To sum up the discussion: the real gravamen of Mr. Tannenbaum’s charges is against the use of the cellular system. In frankness we may add that it is the editor’s personal belief that fifty years from now we shall think of the prison in its cellular form much as we think of dungeons to-day.
Patriotism has been variously defined, but seldom so sensibly as in this note.
DEAR ATLANTIC, -
Do you not love this definition of ‘patriotism’ by a little five-year-old? During our recent enthusiastic reception to Marshal Foch, the little boy had asked many questions: Why the flags — Why the parade —Why Marshal Foch? After the parade he was making a little sing-song of the word patriotic — patriotic.

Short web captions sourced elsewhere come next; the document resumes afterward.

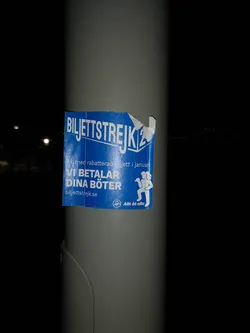 The sticker is a rectangular, blue-backed decal with white text and graphics, affixed to a grey pole. The top right corner is slightly peeled and torn, showing some wear. The prominent text at the top reads "BILJETTSTREJK" (Ticket Strike). Below this, partially obscured, is "Ak med rabatterad biljett i januari" (Ride with discounted ticket in January). The central message states "VI BETALAR DINA BÖTER" (We pay your fines). To the right, a white silhouette depicts two stylized figures, one larger and one smaller, possibly representing solidarity or a family. At the bottom left, the website "biljettstrejk.se" is visible, and below the figures, a small circular logo contains the text "Allt åt alla" (Everything for everyone). The overall aesthetic is simple, direct, and activist-oriented.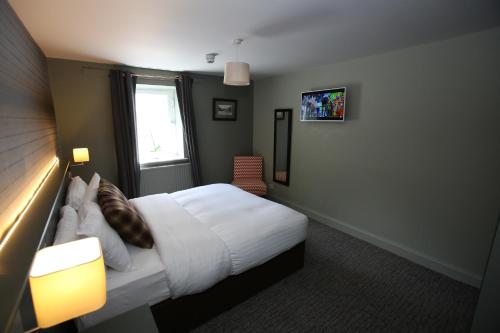 a hotel room with a bed and a window at Kings Arms Hotel in Melrose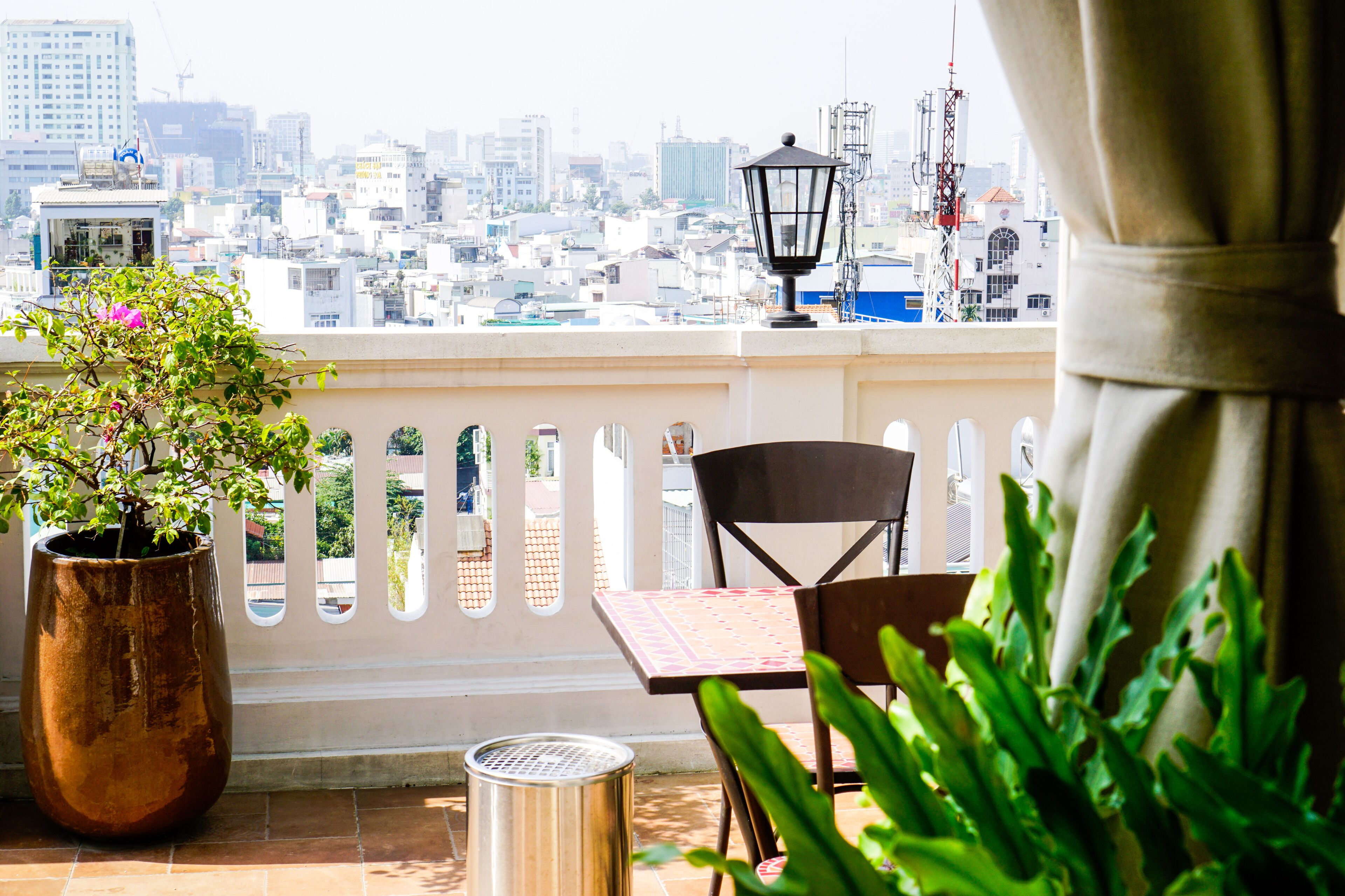 A balcony with a view of a cityscape, a potted plant, a trash can, and a table with a chair.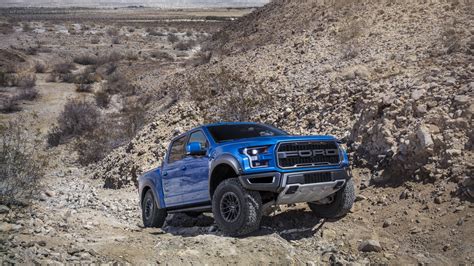 Blue Ford F 150 Raptor Pickup Vehicle Is Driving Up From Slanting Area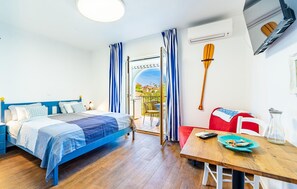 Relax in a serene bedroom with a large bed, wooden table, and a paddle mounted on the wall.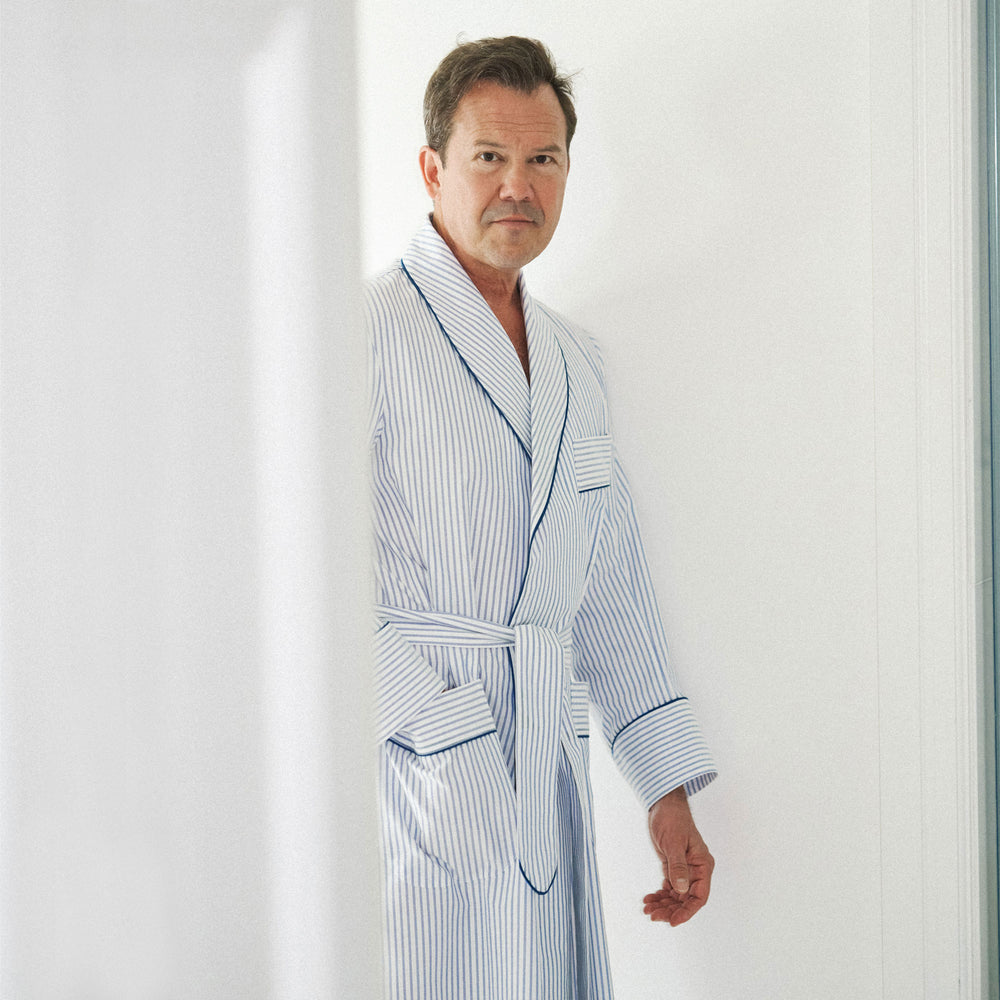 A man wearing a light blue and white vertically striped bathrobe with dark piping, standing in a brightly lit white interior.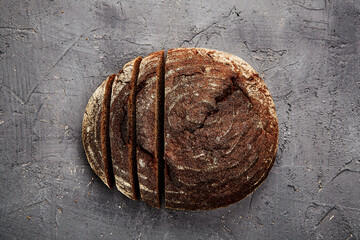 Bakery - gold rustic crusty loaves of bread and buns on grey chalkboard background.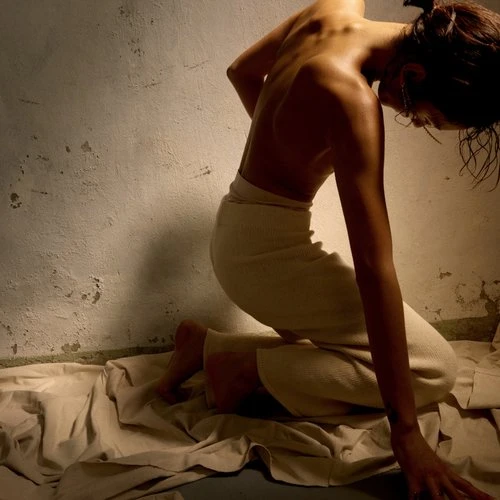 Back view of kneeling adult female with bare back, wearing light-colored pants, in front of a textured wall indoors on a sheet.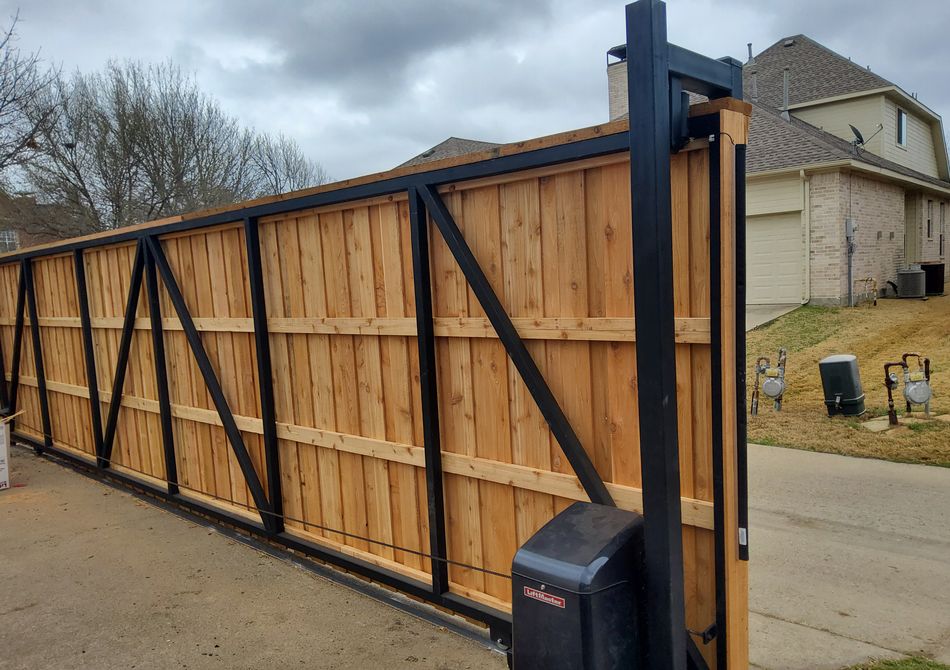 A steel-framed cedar cantilever slide gate seen full length, with its opener mounted at the post
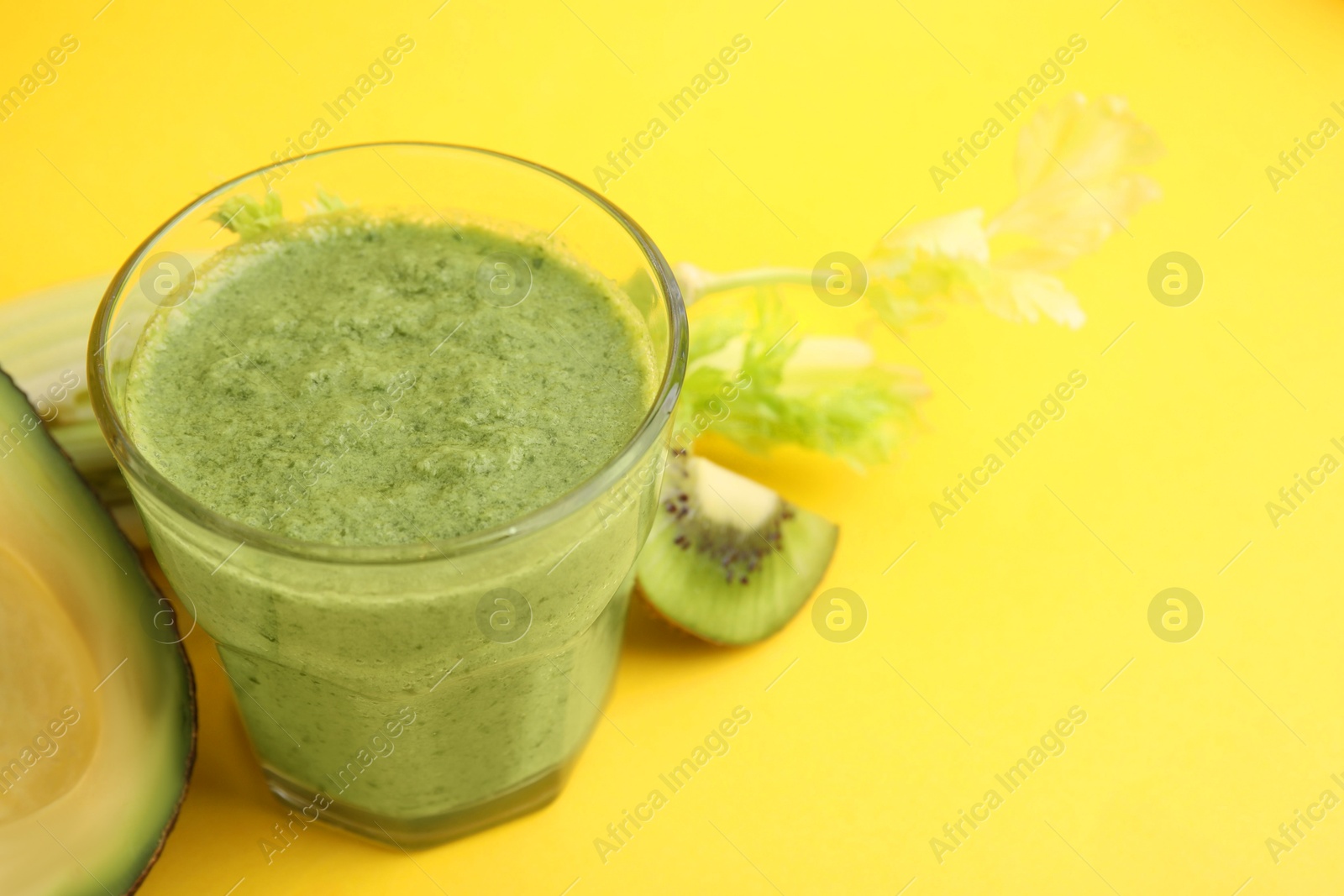 Photo of Delicious green smoothie and ingredients on yellow table, closeup. Space for text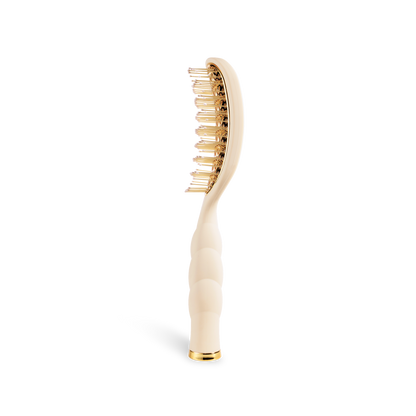 The Vented Hair Brush | Tan is a beige brush with gold bristles, a curved ergonomic handle, and a quick-heat aluminum plate. Sizes available: not specified.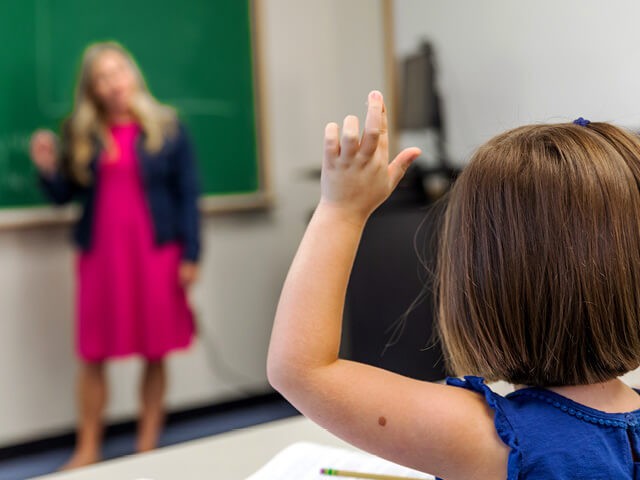 Smiling teacher interacting with students in a classroom setting, highlighting the positive impact of career switchers in education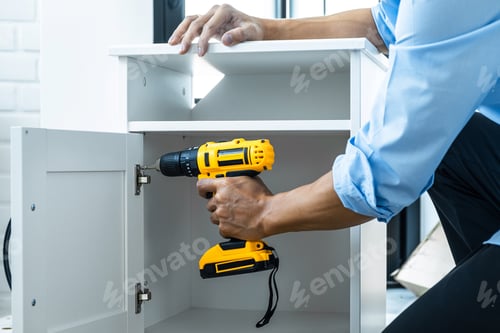 Preview: Man Doing Renovation Work At Home Drilling Wood With Drill Tack On Locker.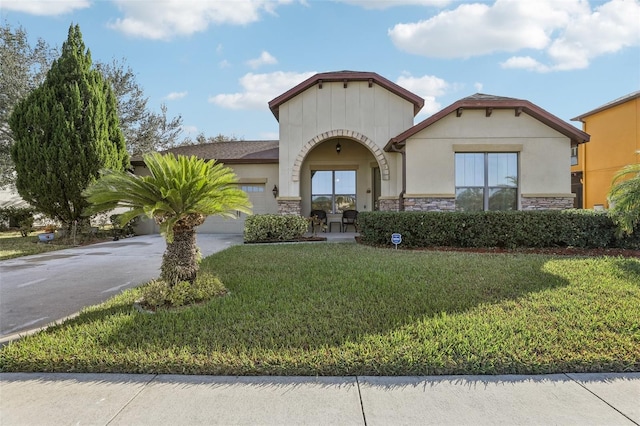 mediterranean / spanish-style home featuring a garage and a front lawn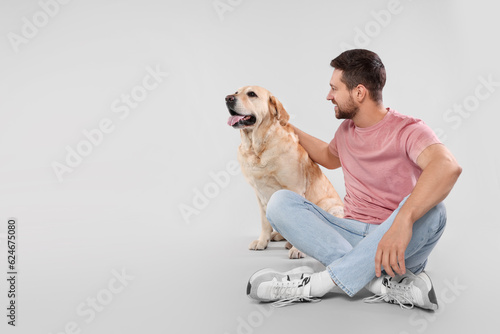 Man with adorable Labrador Retriever dog on light gray background, space for text. Lovely pet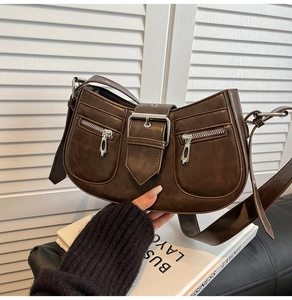 Detail shot of vintage dark brown faux leather shoulder bag with metallic zipper pockets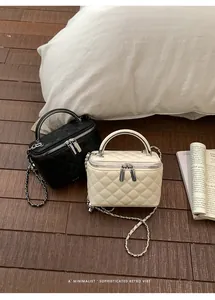 Close-up of black and cream quilted vanity bags with chain straps on wooden floor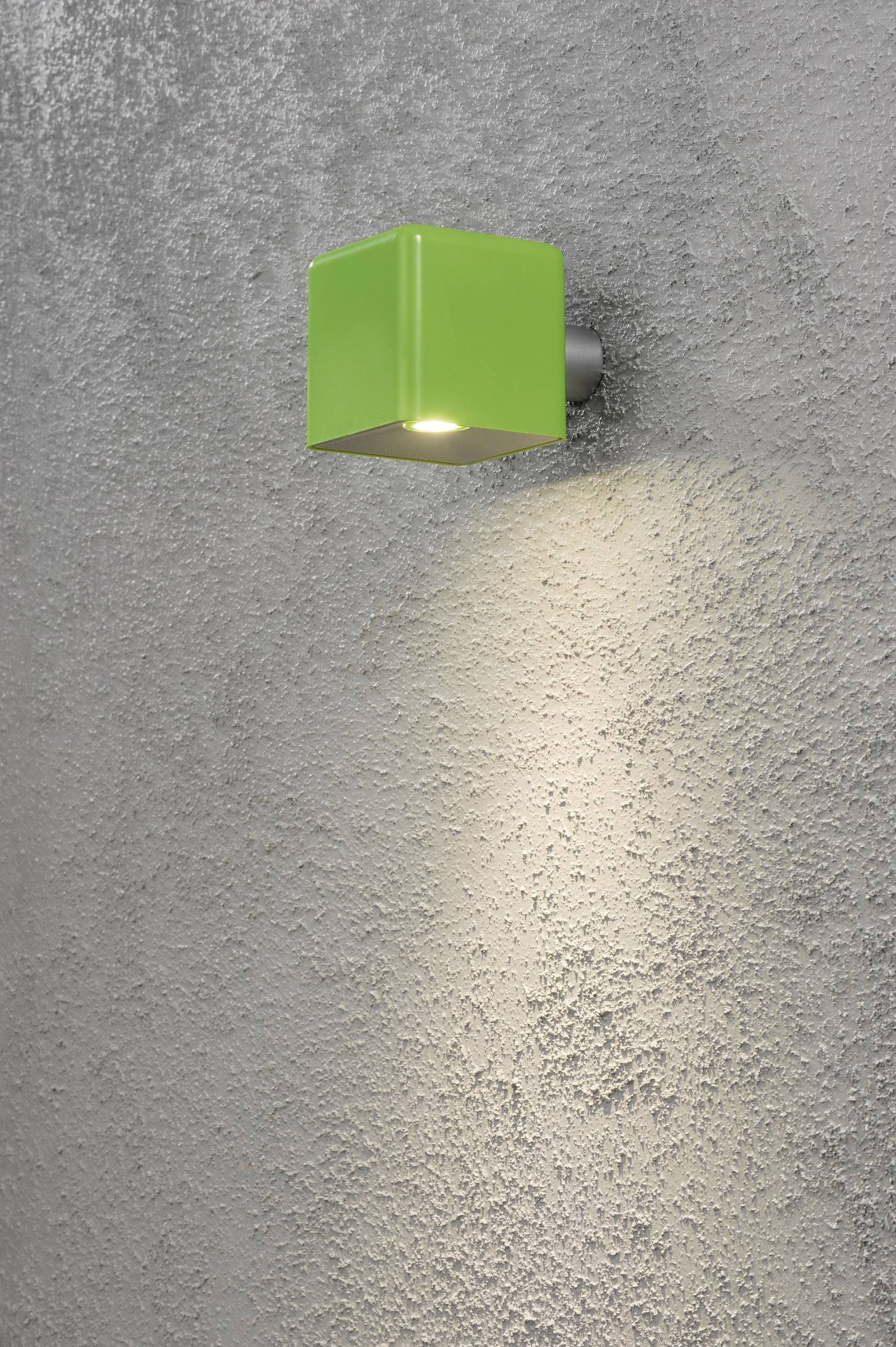 Lampe murale verte en forme de cube illuminant un mur gris à texture rugueuse.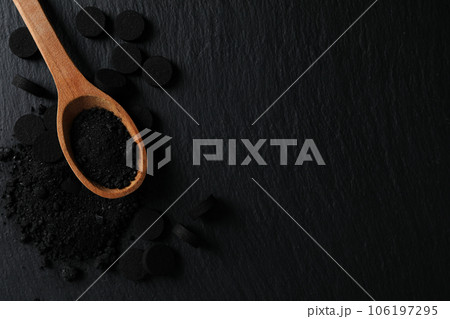 Activated charcoal powder in a wooden spoon on a dark background 106197295
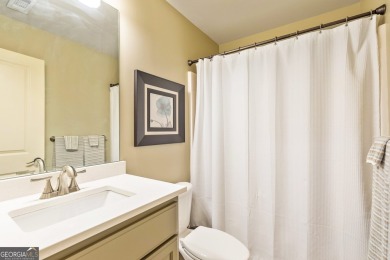 DISCOVER EXCEPTIONAL LAKEFRONT LIVING in the highly sought-after on Summergrove Golf Club in Georgia - for sale on GolfHomes.com, golf home, golf lot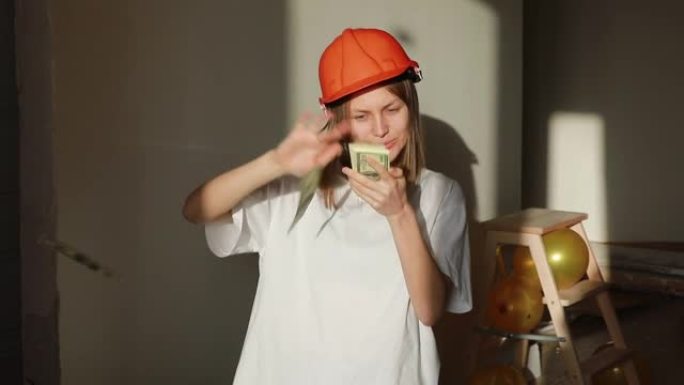 年轻的微笑女工戴着橙色安全帽数钱，站在公寓的建筑工地。建筑师在办公室里扔和玩美元钞票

I asked ‘ What does patriotic mean, Robert? ’
‘To tell the truth, and love parades,’ came the instant answer.
IDA M. SCHERER.
‘My Wife’s Address-Book,’ in a recent Atlantic, serves philosophers with a clue to uncharted areas of woman’s mind, and the masculine race generally with a working hypothesis of System in the Home.
DEAR ATLANTIC, -
In our house it is not an address-book, but a filing cabinet. My wife was formerly a teacher of office practice in the largest commercial high school on earth, and to her the whole world is classified alphabetically, geographically, topically, or by the Binet tests. (The trouble of mere man is that he never knows which.)
She is a great systematizer. There is little to dust and nothing to mend when the morning filing is done. The cabinet now comprises some twelve sections, and stands in the kitchen — there is no other place to put it. At one time or another, I have found in it framed pictures, borrowed books ready to be returned, a pair of rubbers left behind by a guest, the head of my favorite mashie destined for a new shaft, and a copy of the Atlantic, filed under B because it contained an article by John Burroughs (on Thoreau), to which I had taken some caustic exceptions; but the poor man died before I got the reply composed, so there was nothing to do — but file it.
The other day I wanted to refer to a previous gas-bill. I looked under G, then under U, for United Gas Company; then I dipped into the H’s for Household Accounts, turned through B for Bills, and P for Paid. At last I called for the Queen of the File.
Her orderly mind gave answer: ‘The boy who reads our gas-meter is named Joseph, and all the gas-receipts are filed under his name.’ But I searched through J in vain. The lady herself came to the rescue. She shut that section in haste, pulled out the drawer marked D-C, and handed me the desired paper, all in a fraction of a second.
‘Don’t you remember,’ she explained, ‘that story you told me of the man who had given his son a name that began with C; and when everybody had failed to guess it, he said it was Choseph? I put Joe’s gas-bills under C, to help me remember the story.’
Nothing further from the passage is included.